Ângela Rodrigues Gurgel Você escreve com o coração e sempre nos emociona. Saudades de nossas cartas. Abraços

Peterson Nogueira Menino, eu já tinha lido esse texto. Show, show!

Rosmari Nervis de Souza Uau! Expressa exatamente o que eu sinto em relação ao sentimento de receber ou enviar uma carta. As cartas são objetos tão preciosos que quando as pegamos nas mãos, quando as tocamos, nos fazem sentir a presença de quem a escreveu, e melhor ainda, sabemos que quem a escreveu também a tocou. Quer sentimento maior do que esse? A internet jamais conseguirá reproduzir isso. O cheiro, a marca, permanece na carta, enquanto que as palavras digitadas e encaminhadas perdem seu perfume ao longo de sua trajetória. O click anula todo e qualquer resquício de sentimentalidade. Belo texto, professor! Me orgulho de ti! Bjus

Jaiza Lopes Que coisa mar'linda, Alan! Que nós (seres humanos) possamos perdermo-nos na magia do amor e da palavra. Gozemos do prazer de ser ridículos e felizes - amando, amantes, amados, amáveis... Xêro!!!!

Liana Fonseca de Melo Afinal, só quem nunca escreveu cartas de amor é que é ridículo!!

Naligia Bezerra Linda carta Alan Dantas, me fez refletir muito e voltar no tempo quando aguardava as cartas dos amigos distantes...tempos que não voltam...mas mesmo diante desse mundo "tecnico-lógico",podemos procurar escrever nossos sentimentos, sem adotar publicações prontas como se fosse uma roupa que vestimos não acha?
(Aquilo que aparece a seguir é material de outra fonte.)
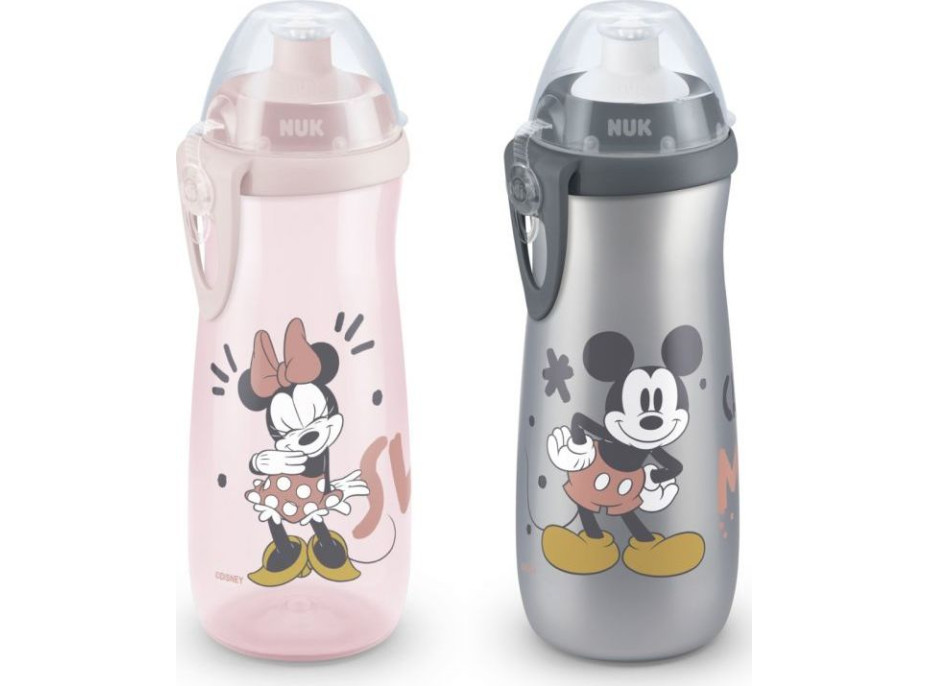 NUK FC Sports Cup Mickey Mouse 450 ml 1ks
Sinto-me lisonjeada de ter sua marcação como uma pessoa que lhe inspira poesia, mais que isso, sou grata pelo seu carinho e amizade. Parabéns pela reflexão, pela crônica e pela pessoa que és, LINDA! Um grande beijo!

Ivan Pinheiro Pinheiro Bezerra Parabéns grande poeta. O Assu se orgulha da pessoa que você é. Continue firme no propósito de engrandecer a literatura assuense e norte-rio-grandense. Estou postando (espero contar com sua autorização) no blog Assu na Ponta da Língua. Um forte abraço!